- REQUIRED WORK -
The required output is the full listing below, reproduced word for word.

- TASK DATA -

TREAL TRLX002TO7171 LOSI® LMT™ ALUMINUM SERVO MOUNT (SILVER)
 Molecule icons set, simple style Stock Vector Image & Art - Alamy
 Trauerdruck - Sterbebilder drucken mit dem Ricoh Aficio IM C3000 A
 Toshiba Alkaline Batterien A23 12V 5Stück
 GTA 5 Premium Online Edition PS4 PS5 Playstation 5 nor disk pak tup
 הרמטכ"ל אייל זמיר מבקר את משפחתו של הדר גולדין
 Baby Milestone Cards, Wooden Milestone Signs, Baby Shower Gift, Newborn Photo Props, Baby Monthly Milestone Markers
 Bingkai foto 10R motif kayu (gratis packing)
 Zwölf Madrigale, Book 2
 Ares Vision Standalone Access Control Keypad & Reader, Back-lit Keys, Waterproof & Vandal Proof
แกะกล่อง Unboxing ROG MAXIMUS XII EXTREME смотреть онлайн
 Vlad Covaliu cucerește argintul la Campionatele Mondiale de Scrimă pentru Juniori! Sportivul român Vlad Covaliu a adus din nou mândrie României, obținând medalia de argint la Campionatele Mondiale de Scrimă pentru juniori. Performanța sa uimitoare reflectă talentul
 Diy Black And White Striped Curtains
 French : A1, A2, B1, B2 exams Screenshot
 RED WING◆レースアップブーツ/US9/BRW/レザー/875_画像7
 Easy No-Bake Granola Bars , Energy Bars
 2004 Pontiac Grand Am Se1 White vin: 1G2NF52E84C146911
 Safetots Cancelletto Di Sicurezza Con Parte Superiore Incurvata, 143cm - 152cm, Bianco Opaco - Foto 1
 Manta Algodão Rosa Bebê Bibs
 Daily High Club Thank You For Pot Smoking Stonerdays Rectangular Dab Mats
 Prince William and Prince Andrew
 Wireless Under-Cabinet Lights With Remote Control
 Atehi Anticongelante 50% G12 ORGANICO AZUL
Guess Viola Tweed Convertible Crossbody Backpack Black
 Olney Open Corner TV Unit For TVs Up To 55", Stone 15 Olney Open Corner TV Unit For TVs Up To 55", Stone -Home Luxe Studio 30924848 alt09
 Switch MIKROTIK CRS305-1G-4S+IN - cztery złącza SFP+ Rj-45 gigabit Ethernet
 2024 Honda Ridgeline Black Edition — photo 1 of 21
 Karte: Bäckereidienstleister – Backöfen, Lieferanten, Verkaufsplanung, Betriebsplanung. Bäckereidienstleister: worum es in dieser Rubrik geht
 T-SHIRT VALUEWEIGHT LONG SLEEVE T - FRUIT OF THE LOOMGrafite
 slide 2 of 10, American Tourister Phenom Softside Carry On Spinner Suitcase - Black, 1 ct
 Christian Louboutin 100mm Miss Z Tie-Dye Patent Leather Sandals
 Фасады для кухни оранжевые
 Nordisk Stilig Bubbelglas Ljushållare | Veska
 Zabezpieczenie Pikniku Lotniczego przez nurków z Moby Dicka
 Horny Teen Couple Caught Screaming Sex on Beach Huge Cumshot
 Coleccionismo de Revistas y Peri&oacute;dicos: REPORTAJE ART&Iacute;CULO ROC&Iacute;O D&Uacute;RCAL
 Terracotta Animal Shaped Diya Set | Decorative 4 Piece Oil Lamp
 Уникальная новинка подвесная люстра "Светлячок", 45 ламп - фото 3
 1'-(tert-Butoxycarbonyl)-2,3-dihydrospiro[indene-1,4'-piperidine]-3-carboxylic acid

- ANSWER SPACE -
TREAL TRLX002TO7171 LOSI® LMT™ ALUMINUM SERVO MOUNT (SILVER)
 Molecule icons set, simple style Stock Vector Image & Art - Alamy
 Trauerdruck - Sterbebilder drucken mit dem Ricoh Aficio IM C3000 A
 Toshiba Alkaline Batterien A23 12V 5Stück
 GTA 5 Premium Online Edition PS4 PS5 Playstation 5 nor disk pak tup
 הרמטכ"ל אייל זמיר מבקר את משפחתו של הדר גולדין
 Baby Milestone Cards, Wooden Milestone Signs, Baby Shower Gift, Newborn Photo Props, Baby Monthly Milestone Markers
 Bingkai foto 10R motif kayu (gratis packing)
 Zwölf Madrigale, Book 2
 Ares Vision Standalone Access Control Keypad & Reader, Back-lit Keys, Waterproof & Vandal Proof
แกะกล่อง Unboxing ROG MAXIMUS XII EXTREME смотреть онлайн
 Vlad Covaliu cucerește argintul la Campionatele Mondiale de Scrimă pentru Juniori! Sportivul român Vlad Covaliu a adus din nou mândrie României, obținând medalia de argint la Campionatele Mondiale de Scrimă pentru juniori. Performanța sa uimitoare reflectă talentul
 Diy Black And White Striped Curtains
 French : A1, A2, B1, B2 exams Screenshot
 RED WING◆レースアップブーツ/US9/BRW/レザー/875_画像7
 Easy No-Bake Granola Bars , Energy Bars
 2004 Pontiac Grand Am Se1 White vin: 1G2NF52E84C146911
 Safetots Cancelletto Di Sicurezza Con Parte Superiore Incurvata, 143cm - 152cm, Bianco Opaco - Foto 1
 Manta Algodão Rosa Bebê Bibs
 Daily High Club Thank You For Pot Smoking Stonerdays Rectangular Dab Mats
 Prince William and Prince Andrew
 Wireless Under-Cabinet Lights With Remote Control
 Atehi Anticongelante 50% G12 ORGANICO AZUL
Guess Viola Tweed Convertible Crossbody Backpack Black
 Olney Open Corner TV Unit For TVs Up To 55", Stone 15 Olney Open Corner TV Unit For TVs Up To 55", Stone -Home Luxe Studio 30924848 alt09
 Switch MIKROTIK CRS305-1G-4S+IN - cztery złącza SFP+ Rj-45 gigabit Ethernet
 2024 Honda Ridgeline Black Edition — photo 1 of 21
 Karte: Bäckereidienstleister – Backöfen, Lieferanten, Verkaufsplanung, Betriebsplanung. Bäckereidienstleister: worum es in dieser Rubrik geht
 T-SHIRT VALUEWEIGHT LONG SLEEVE T - FRUIT OF THE LOOMGrafite
 slide 2 of 10, American Tourister Phenom Softside Carry On Spinner Suitcase - Black, 1 ct
 Christian Louboutin 100mm Miss Z Tie-Dye Patent Leather Sandals
 Фасады для кухни оранжевые
 Nordisk Stilig Bubbelglas Ljushållare | Veska
 Zabezpieczenie Pikniku Lotniczego przez nurków z Moby Dicka
 Horny Teen Couple Caught Screaming Sex on Beach Huge Cumshot
 Coleccionismo de Revistas y Peri&oacute;dicos: REPORTAJE ART&Iacute;CULO ROC&Iacute;O D&Uacute;RCAL
 Terracotta Animal Shaped Diya Set | Decorative 4 Piece Oil Lamp
 Уникальная новинка подвесная люстра "Светлячок", 45 ламп - фото 3
 1'-(tert-Butoxycarbonyl)-2,3-dihydrospiro[indene-1,4'-piperidine]-3-carboxylic acid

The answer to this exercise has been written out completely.